482 U. S. 182
June 8, 1987
Fannie Mae has a lesser known spinoff called Ginnie Mae. Rockford Life Insurance issued Ginnie Mae certificates as a part of its business. Rockford was required to make payments on Ginnie Mae securities, but the US government was responsible for guaranteeing their validity if an issuer such as Rockford failed to. Rockford argued that Ginnie Mae instruments should be exempt from federal taxation, under both the doctrine that government payments were generally exempt, and under a specific statute.

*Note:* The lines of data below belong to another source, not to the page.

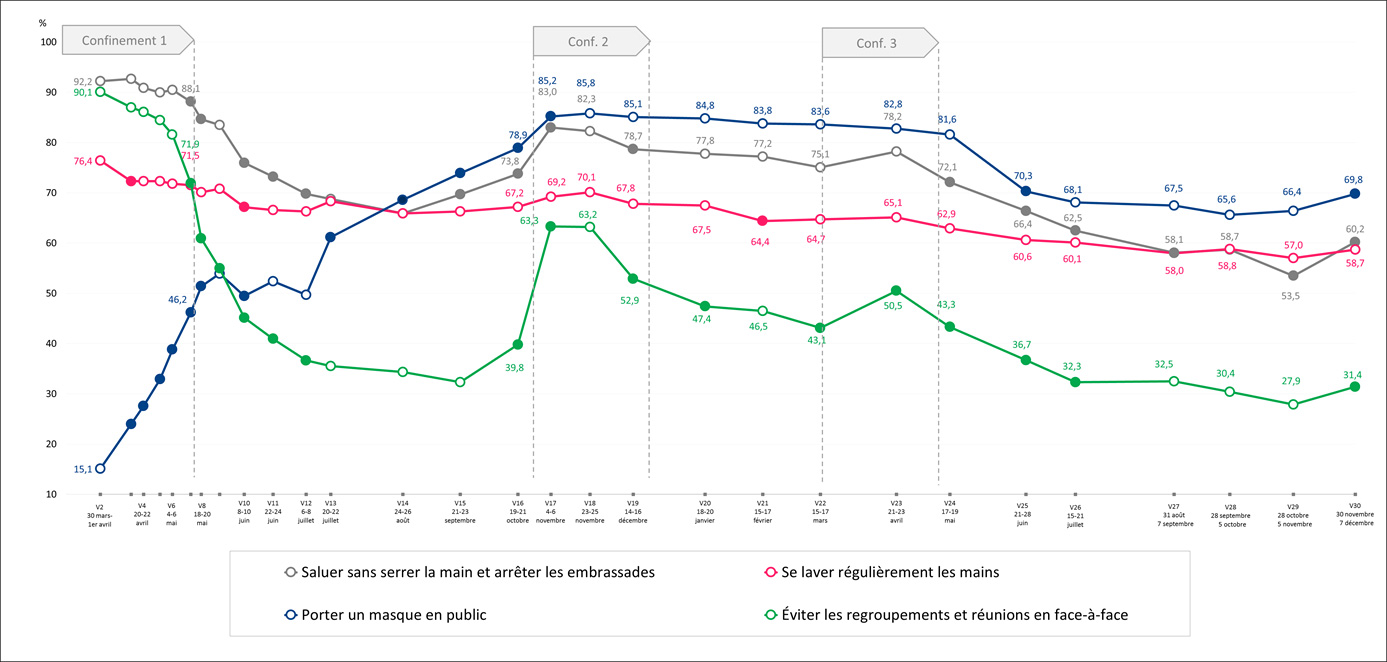 Figure - Fréquences de l'adoption systématique déclarée des mesures de prévention et évolutions (% pondérés). Enquête CoviPrev (vague 30), France métropolitaine.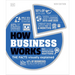 How Business Works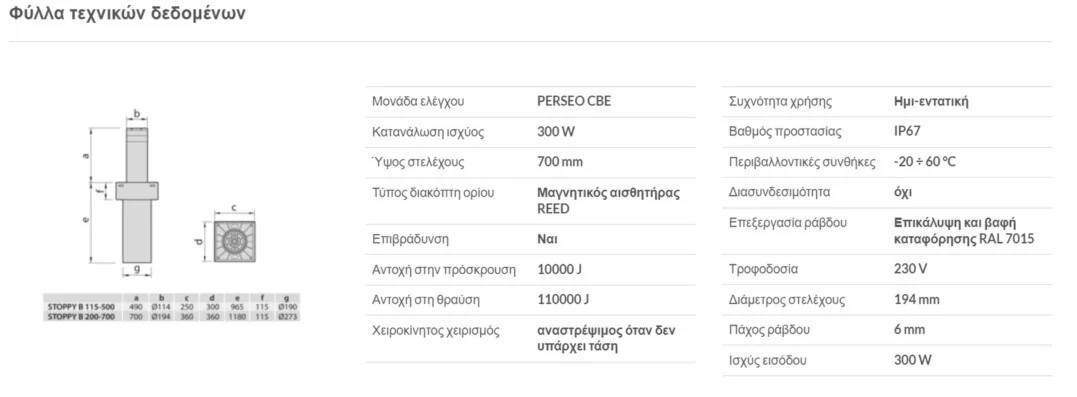 Τεχνικά χαρακτηριστικά STOPPY BFT
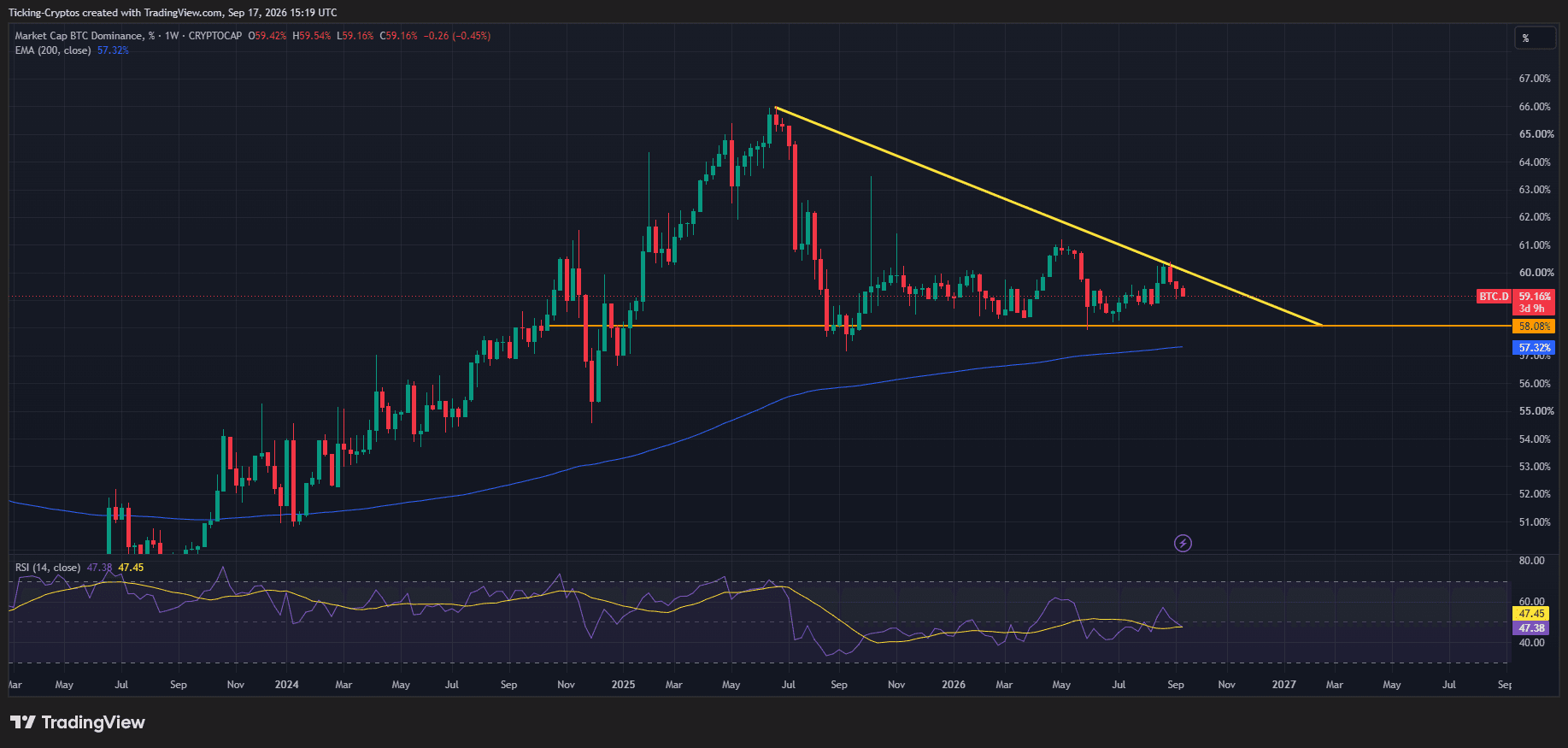 BTC.D_2026-09-17_18-19-15.png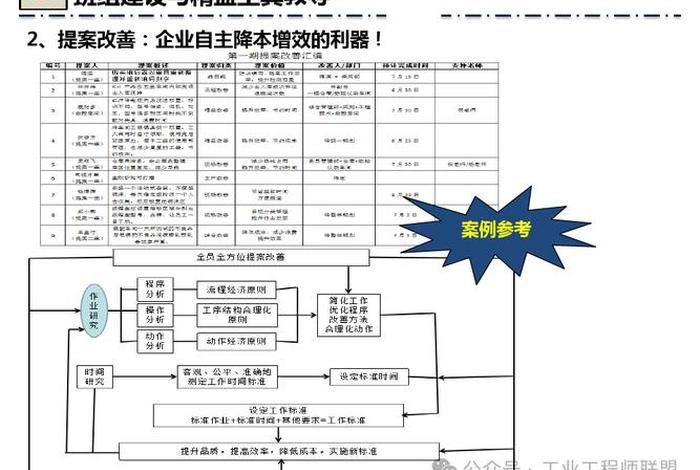 以点上的的突破带动面上的整体推进,以点带面推动整体水平提升 以点上的的突破带动面上的整体推进,以点带面推动整体水平提升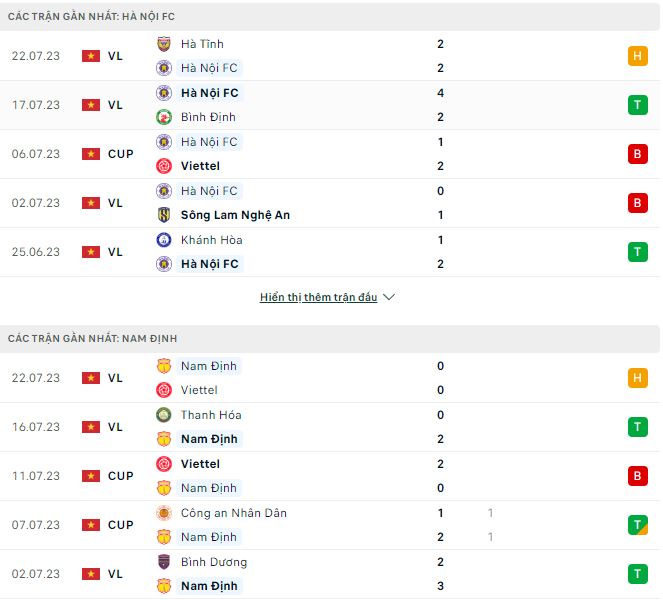 Phân tích kèo hiệp 1 Hà Nội vs Nam Định, 19h15 ngày 28/7 - Ảnh 1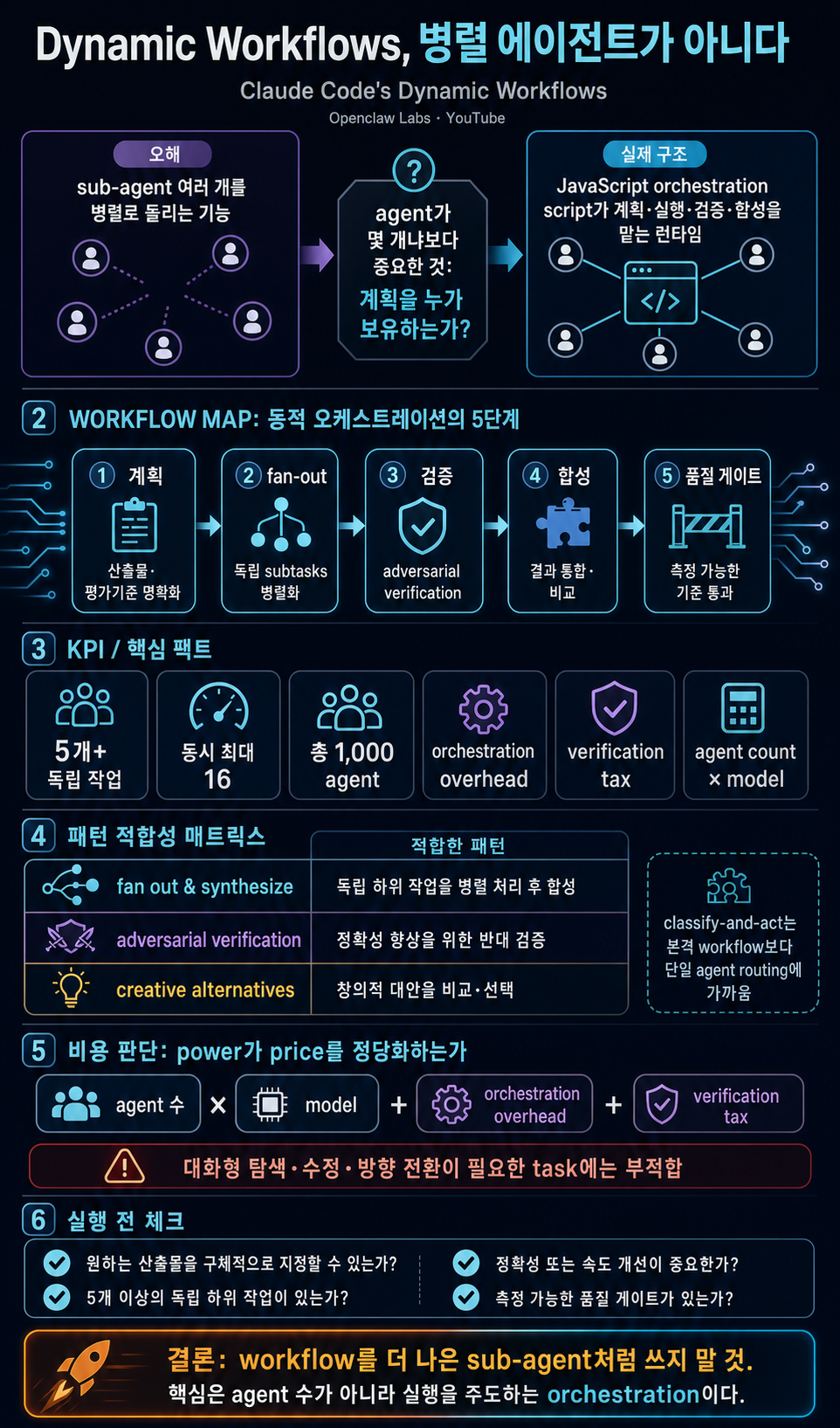 Claude Code''s Dynamic Workflows (Most People Get This Wrong) 내용을 설명하는 본문 이미지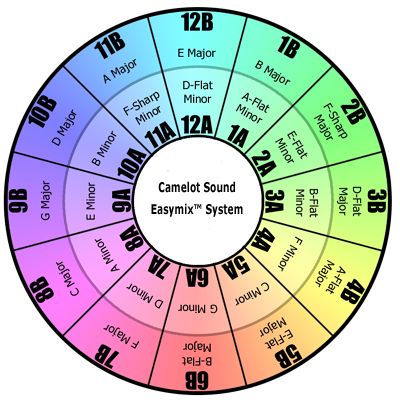 camelot dj system easymix key bpm chart mixing harmonic major keys overlay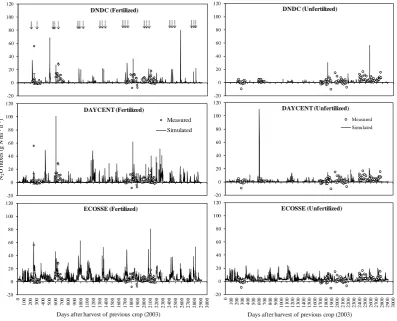Table 2. Statistical comparison between simulated and the measured daily soil NO3− concentration (kg∙N∙ha−1) and N2O fluxes (g∙N∙ha−1) from a conventionally-tilled plot cropped to spring barley
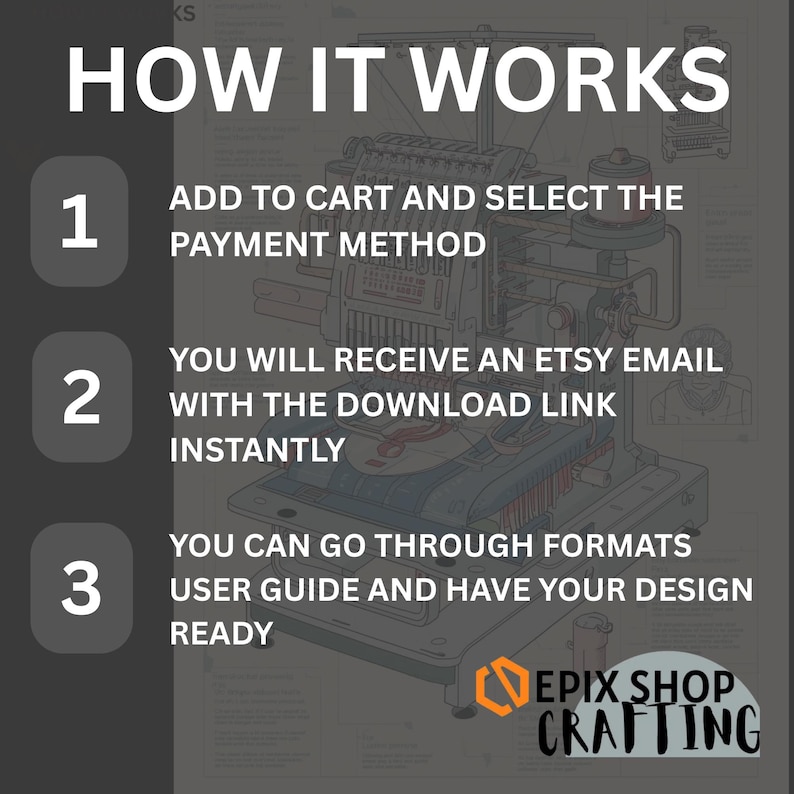 May include: A dark gray informational graphic titled HOW IT WORKS with three steps: 1. ADD TO CART AND SELECT THE PAYMENT METHOD, 2. YOU WILL RECEIVE AN ETSY EMAIL WITH THE DOWNLOAD LINK INSTANTLY, 3. YOU CAN GO THROUGH FORMATS USER GUIDE AND HAVE YOUR DESIGN READY.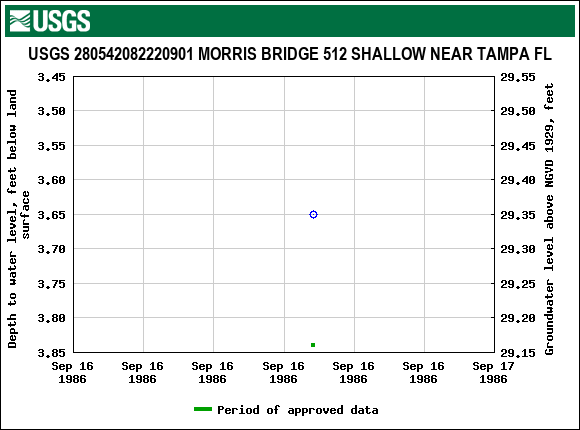 Graph of groundwater level data at USGS 280542082220901 MORRIS BRIDGE 512 SHALLOW NEAR TAMPA FL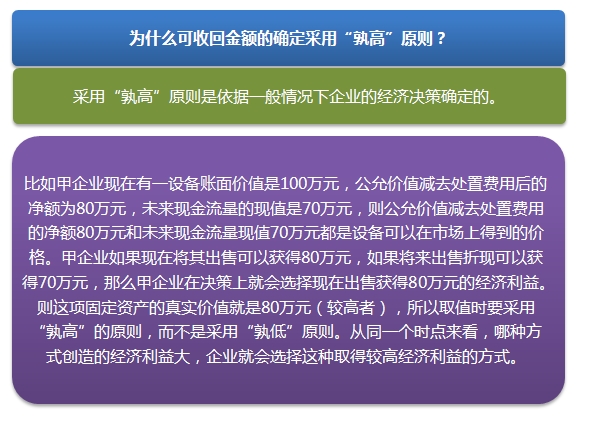 2015注會“借題發揮”會計篇：可收回金額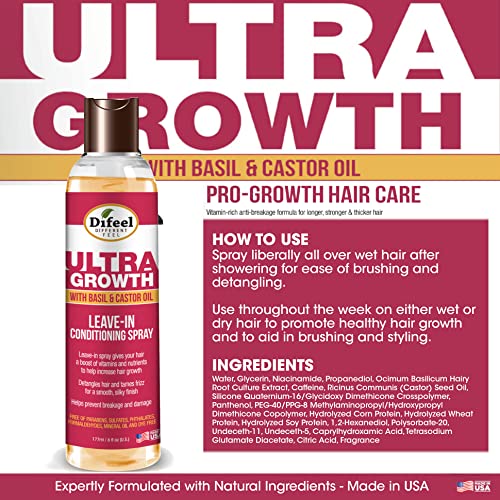 Difeel Ultra Growth Basil & Castor Hair Oil Leave in Conditioning Treatment 8 oz. - Large Bottle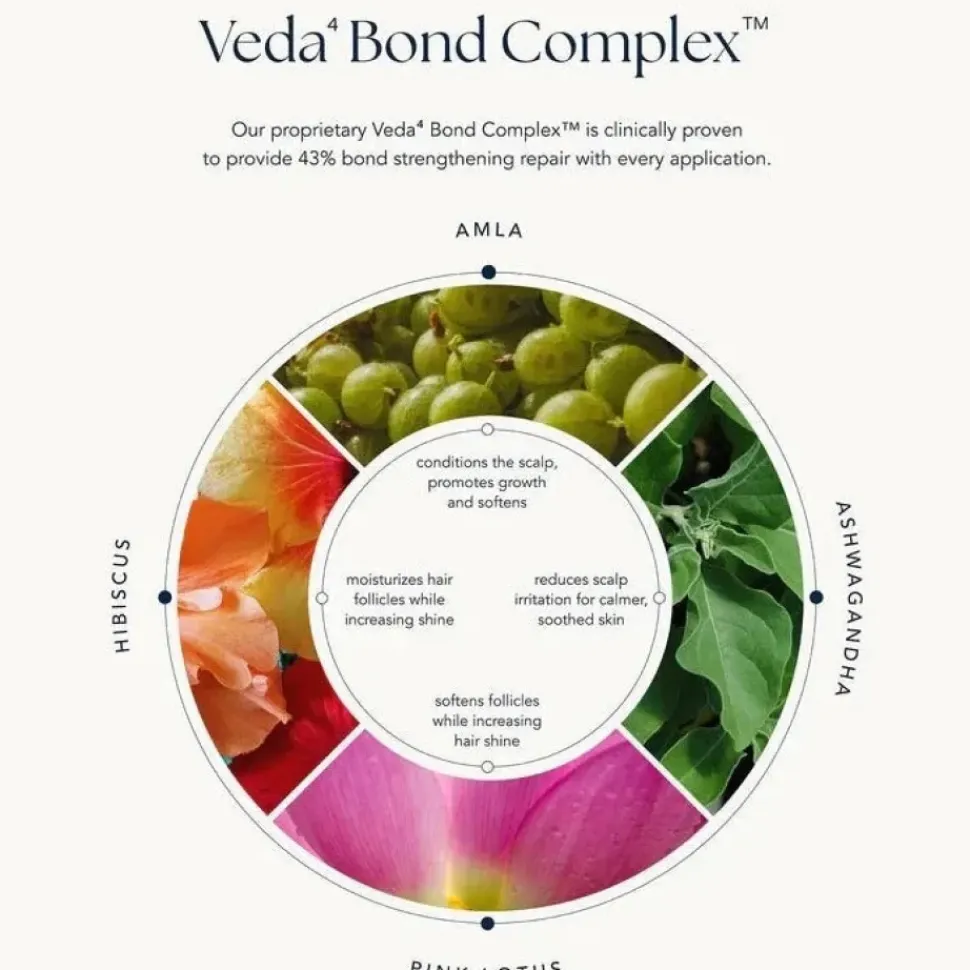 Regenerative Veda⁴ Bond Complex Shampoo
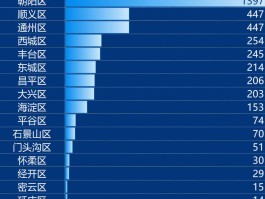 10月31新增本土病例.1030新增病例？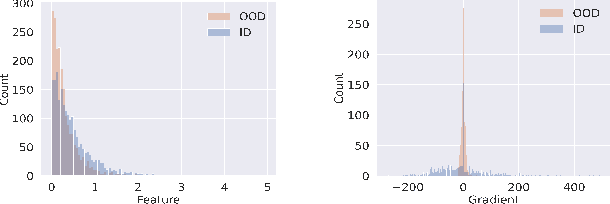 Figure 4 for Low-Dimensional Gradient Helps Out-of-Distribution Detection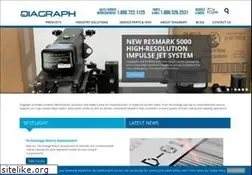 Sites similar to diagraph.com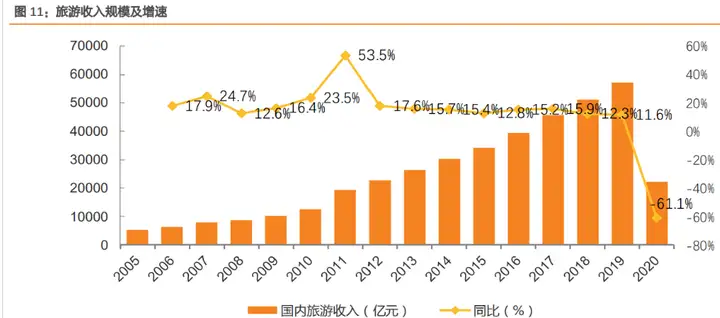 文化演艺龙头锋尚文化，虚拟演艺和 2C 文旅业务快速推进(图10)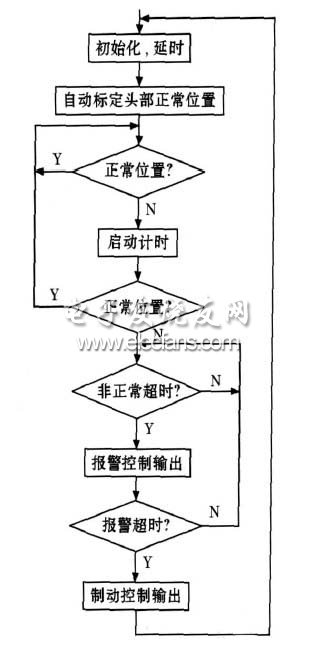 圖4 頭部正常位置的自動標(biāo)定程序框圖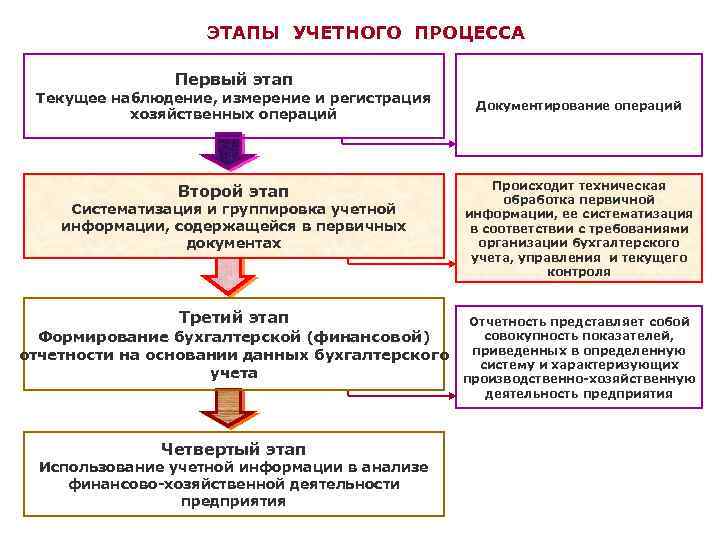 Регистрация операций. Стадии учетного процесса бухгалтерского учета. Процедура учетного процесса схема. Последовательность этапов учетного процесса.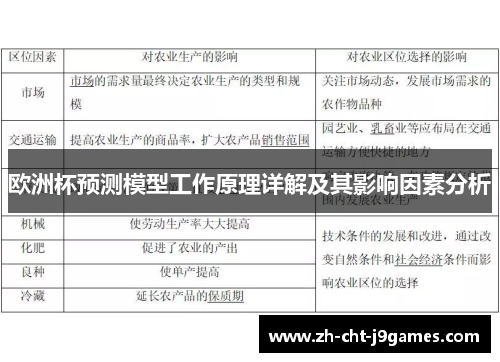 欧洲杯预测模型工作原理详解及其影响因素分析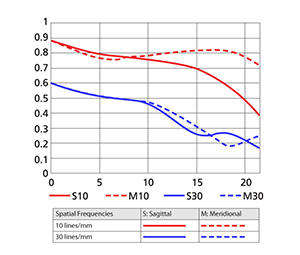 50mm MTF Chart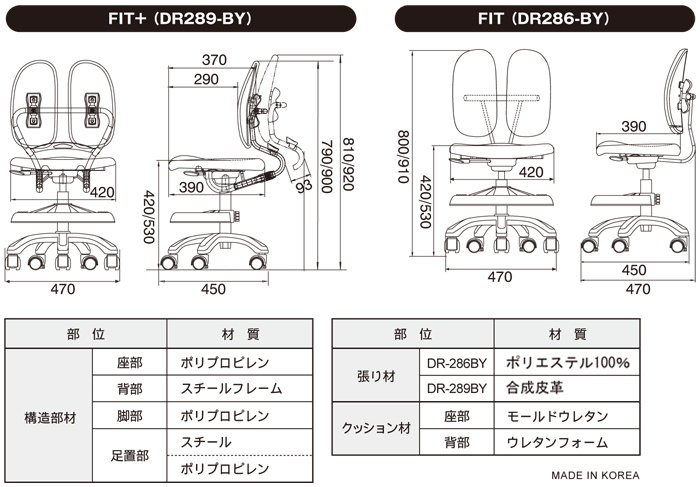 DUOREST デュオレスト FIT+ FIT DR-289BY DR-286BY エルゴノミクスチェア 学習チェア 人間工学チェア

Unanimously, the Supreme Court ruled that Ginnie Mae certificates were not exempt from taxation. Stevens said that under the relevant statute, only government obligations which were certain could be exempt. Because the government would only be liable if Rockford failed to make payments, the Ginnie Mae securities were technically not classifiable as government obligations. Finding that the statute provided a sufficiently good overview of the more general government immunity doctrine, Stevens rejected the Constitutional argument for tax exemption as well.
I would have liked to have read a dissent. I don’t think it’s quite as cut and dried as Stevens makes it out to be. I don’t have too much else to say about this case – it was so boring that even the Court admitted in a footnote that they wouldn’t have even taken it except for being statutorily required to by some provision in the US Code.